Le placebo est une substance généralement commercialisée dont, soit
l'efficacité n'est pas démontrée scientifiquement (homéopathie, certaines
substances phytothérapiques acides aminés, antiasthéniants etc ...), soit
l'indication ne correspond pas à l'indication officielle (vitamine C efficace
dans le scorbut mais probablement pas dans la grippe).
L'effet placebo est
l'écart positif constaté entre le résultat thérapeutique observé et l'effet
thérapeutique prévisible en fonction des données strictes de la pharmacologie.
L'effet nocebo est l'écart négatif constaté entre le résultat thérapeutique
observé et l'effet thérapeutique prévisible en fonction des données strictes de
la pharmacologie.
Le placebo est efficace chez l'animal domestique (conditionnement,
modification de la relation maître-animal), le sujet sain (15 à 25 % des sujets
ressentent "un effet" dont la moitié dans le sens d'une amélioration, l'autre
moitié sans aggravation), l'enfant et même le nourrisson.
La plupart des
maladies ont été étudiées du point de vue du placebo et de ses effets (plus ou
moins marqués selon la nature de la maladie et de la relation médecin-malade).
Les plus fréquemment citées sont : la douleur (fonctionnelle, algie cancéreuse,
post-opératoire, migraine), l'insomnie mais aussi l'anxiété, la dépression, le
trouble panique, le syndrome prémenstruel, le rhume de foins, la toux, la
tuberculose et même la croissance tumorale cancéreuse ...
Le placebo agit,
bien entendu, sur les signes subjectifs, mais est également mesurable sur
certains paramètres objectifs : acidité gastrique, diamètre pupillaire, niveau
de lipoprotéines, de globules blancs (éosinophiles, lymphocytes), électrolytes,
corticoïdes, glucose, cholestérolémie, tension artérielle ... Contrairement à
une idée répandue, ce n'est pas parce qu'un signe est mesurable qu'il est
inaccessible à une action d'ordre psychologique.
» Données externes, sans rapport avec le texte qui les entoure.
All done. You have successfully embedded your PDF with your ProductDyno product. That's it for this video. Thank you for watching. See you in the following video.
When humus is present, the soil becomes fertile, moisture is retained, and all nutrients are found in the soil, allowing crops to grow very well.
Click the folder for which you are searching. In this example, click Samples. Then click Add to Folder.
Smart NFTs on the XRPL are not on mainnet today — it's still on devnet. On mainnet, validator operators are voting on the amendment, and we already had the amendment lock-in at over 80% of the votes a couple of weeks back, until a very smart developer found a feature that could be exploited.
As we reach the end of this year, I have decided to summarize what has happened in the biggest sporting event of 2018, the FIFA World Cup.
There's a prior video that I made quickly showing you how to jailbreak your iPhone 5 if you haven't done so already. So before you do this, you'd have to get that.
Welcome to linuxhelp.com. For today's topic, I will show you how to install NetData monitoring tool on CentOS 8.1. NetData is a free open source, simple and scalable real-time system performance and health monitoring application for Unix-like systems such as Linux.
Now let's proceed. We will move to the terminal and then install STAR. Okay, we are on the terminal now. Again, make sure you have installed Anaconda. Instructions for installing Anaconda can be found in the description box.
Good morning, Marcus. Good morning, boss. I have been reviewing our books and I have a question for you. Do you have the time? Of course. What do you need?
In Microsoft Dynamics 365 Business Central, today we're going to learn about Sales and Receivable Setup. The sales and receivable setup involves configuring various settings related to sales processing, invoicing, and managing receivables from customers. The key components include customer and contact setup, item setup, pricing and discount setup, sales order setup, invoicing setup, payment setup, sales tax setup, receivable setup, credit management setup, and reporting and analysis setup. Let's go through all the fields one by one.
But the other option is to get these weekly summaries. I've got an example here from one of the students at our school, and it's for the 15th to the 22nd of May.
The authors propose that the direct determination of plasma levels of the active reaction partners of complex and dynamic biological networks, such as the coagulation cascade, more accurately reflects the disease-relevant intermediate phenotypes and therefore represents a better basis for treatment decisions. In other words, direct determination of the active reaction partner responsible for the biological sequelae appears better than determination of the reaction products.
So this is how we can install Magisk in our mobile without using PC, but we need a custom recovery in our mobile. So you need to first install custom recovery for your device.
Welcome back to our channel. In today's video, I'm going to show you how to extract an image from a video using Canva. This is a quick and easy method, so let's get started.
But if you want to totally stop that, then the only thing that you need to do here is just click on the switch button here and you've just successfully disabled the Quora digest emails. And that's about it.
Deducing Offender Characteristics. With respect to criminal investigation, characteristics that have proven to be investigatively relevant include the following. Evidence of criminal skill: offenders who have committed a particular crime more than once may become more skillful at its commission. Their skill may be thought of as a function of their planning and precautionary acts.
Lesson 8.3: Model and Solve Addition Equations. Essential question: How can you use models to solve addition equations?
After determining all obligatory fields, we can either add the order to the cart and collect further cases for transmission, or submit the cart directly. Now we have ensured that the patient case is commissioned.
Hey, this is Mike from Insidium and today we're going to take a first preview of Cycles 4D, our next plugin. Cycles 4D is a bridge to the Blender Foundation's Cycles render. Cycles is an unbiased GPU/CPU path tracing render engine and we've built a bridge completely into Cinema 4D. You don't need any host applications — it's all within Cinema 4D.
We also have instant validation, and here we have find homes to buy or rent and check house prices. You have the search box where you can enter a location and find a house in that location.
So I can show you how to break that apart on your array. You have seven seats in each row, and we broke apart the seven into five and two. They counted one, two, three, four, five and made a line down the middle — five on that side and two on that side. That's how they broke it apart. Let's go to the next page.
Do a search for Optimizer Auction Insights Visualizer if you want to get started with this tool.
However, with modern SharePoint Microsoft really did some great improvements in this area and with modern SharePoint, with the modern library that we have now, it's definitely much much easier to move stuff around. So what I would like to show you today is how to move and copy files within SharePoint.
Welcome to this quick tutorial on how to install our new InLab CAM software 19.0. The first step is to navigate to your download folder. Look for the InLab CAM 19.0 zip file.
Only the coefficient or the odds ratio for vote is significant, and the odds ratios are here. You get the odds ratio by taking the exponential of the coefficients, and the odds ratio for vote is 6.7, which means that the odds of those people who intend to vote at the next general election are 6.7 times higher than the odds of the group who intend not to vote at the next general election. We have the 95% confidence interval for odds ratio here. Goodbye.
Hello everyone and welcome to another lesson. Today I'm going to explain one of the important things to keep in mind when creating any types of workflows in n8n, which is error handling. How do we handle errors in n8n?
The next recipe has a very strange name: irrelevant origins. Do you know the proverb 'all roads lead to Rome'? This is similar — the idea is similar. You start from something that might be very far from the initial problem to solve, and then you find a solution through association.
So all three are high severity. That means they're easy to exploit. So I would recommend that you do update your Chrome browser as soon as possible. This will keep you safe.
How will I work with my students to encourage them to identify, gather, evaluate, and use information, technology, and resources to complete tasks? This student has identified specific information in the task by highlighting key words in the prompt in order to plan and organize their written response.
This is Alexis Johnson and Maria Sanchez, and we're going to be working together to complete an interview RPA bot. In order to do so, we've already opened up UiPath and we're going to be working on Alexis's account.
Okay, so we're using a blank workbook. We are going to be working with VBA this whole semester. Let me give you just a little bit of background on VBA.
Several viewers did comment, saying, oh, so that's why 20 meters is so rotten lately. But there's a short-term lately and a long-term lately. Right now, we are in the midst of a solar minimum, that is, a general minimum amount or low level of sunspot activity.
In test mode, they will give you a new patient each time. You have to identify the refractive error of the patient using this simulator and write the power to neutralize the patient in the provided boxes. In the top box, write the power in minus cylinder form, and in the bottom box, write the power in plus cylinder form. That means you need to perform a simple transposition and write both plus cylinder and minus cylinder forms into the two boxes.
Ce n'est pas non plus parce
qu'un traitement est d'ordre psychologique qu'il n'est pas relayé par des
mécanismes biologiques.
L'objet placebo : cette notion recouvre les caractéristiques
physico-chimiques de ce qui est prescrit par un médecin en tant que leurre de
médicament. Un grand nombre de paramètres font varier son efficacité dans de
grandes proportions (nom, couleur, taille, forme, goût, prix, nouveauté,
délivrance sur ordonnance ...).
Le médecin : personnalité, charisme,
attention portée, compassion, croyances, présentation du placebo, rituel
médical, notoriété, titres, compétence, durée et prix de la consultation, durée
de la liste d'attente etc ... sont les principaux facteurs de placebo-induction.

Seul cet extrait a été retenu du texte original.